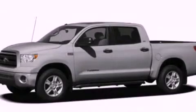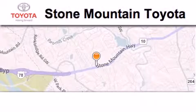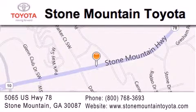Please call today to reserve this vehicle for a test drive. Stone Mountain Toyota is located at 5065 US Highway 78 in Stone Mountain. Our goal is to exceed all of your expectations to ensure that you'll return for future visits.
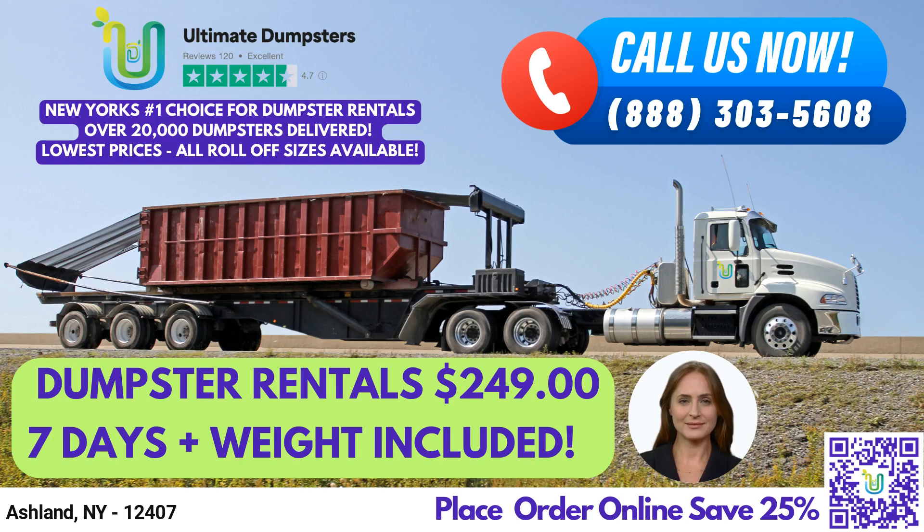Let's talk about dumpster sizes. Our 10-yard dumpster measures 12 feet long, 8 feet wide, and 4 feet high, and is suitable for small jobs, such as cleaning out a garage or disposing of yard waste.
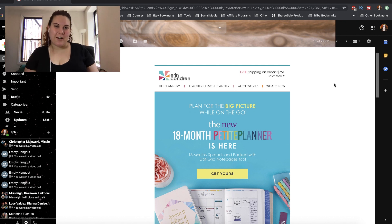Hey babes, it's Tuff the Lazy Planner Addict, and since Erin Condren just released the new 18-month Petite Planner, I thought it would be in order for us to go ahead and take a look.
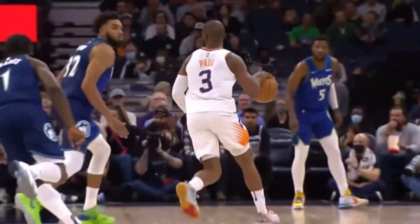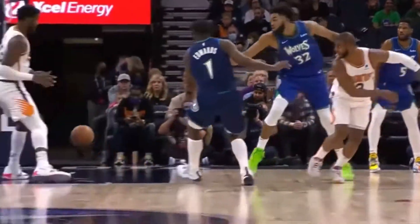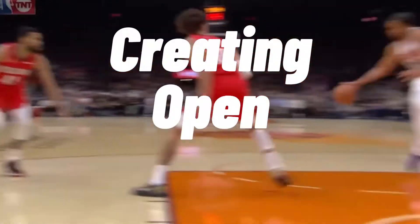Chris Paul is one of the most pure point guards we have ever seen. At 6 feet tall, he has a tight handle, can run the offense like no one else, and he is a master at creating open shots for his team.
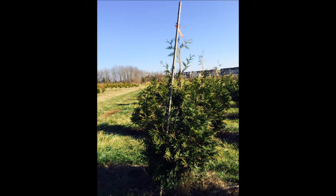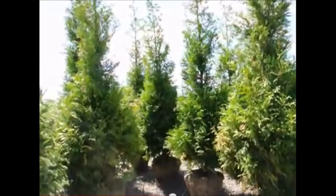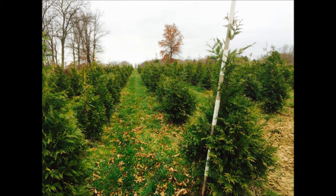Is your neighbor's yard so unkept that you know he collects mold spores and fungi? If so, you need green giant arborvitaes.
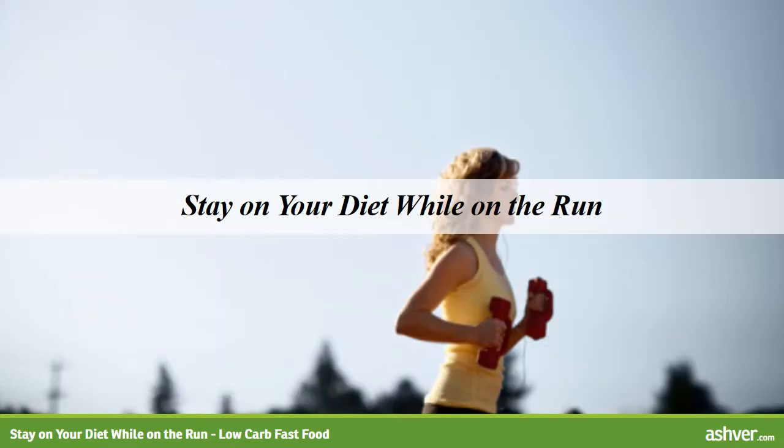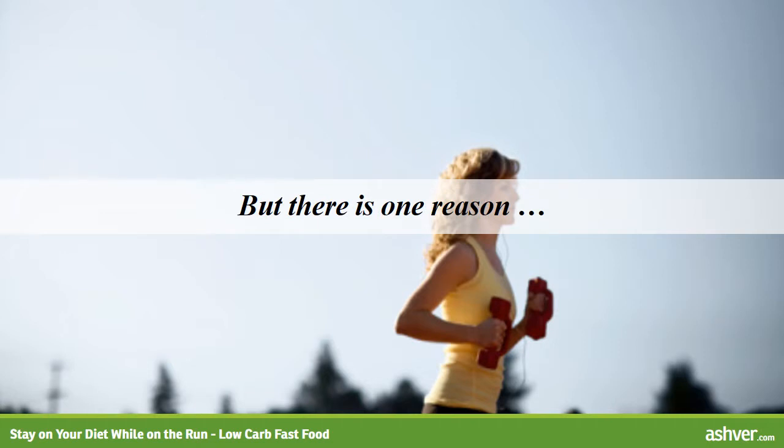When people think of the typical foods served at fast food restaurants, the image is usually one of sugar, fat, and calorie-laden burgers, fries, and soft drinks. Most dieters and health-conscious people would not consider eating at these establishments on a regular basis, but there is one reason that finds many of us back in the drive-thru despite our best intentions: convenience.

────

_Exercise requirements:_
Repeat each line of the listing word for word, from the first through the line that contains "Hey babes, it's". Any picture stays out.

_Solution for this task:_
Please call today to reserve this vehicle for a test drive. Stone Mountain Toyota is located at 5065 US Highway 78 in Stone Mountain. Our goal is to exceed all of your expectations to ensure that you'll return for future visits.
Let's talk about dumpster sizes. Our 10-yard dumpster measures 12 feet long, 8 feet wide, and 4 feet high, and is suitable for small jobs, such as cleaning out a garage or disposing of yard waste.
Hey babes, it's Tuff the Lazy Planner Addict, and since Erin Condren just released the new 18-month Petite Planner, I thought it would be in order for us to go ahead and take a look.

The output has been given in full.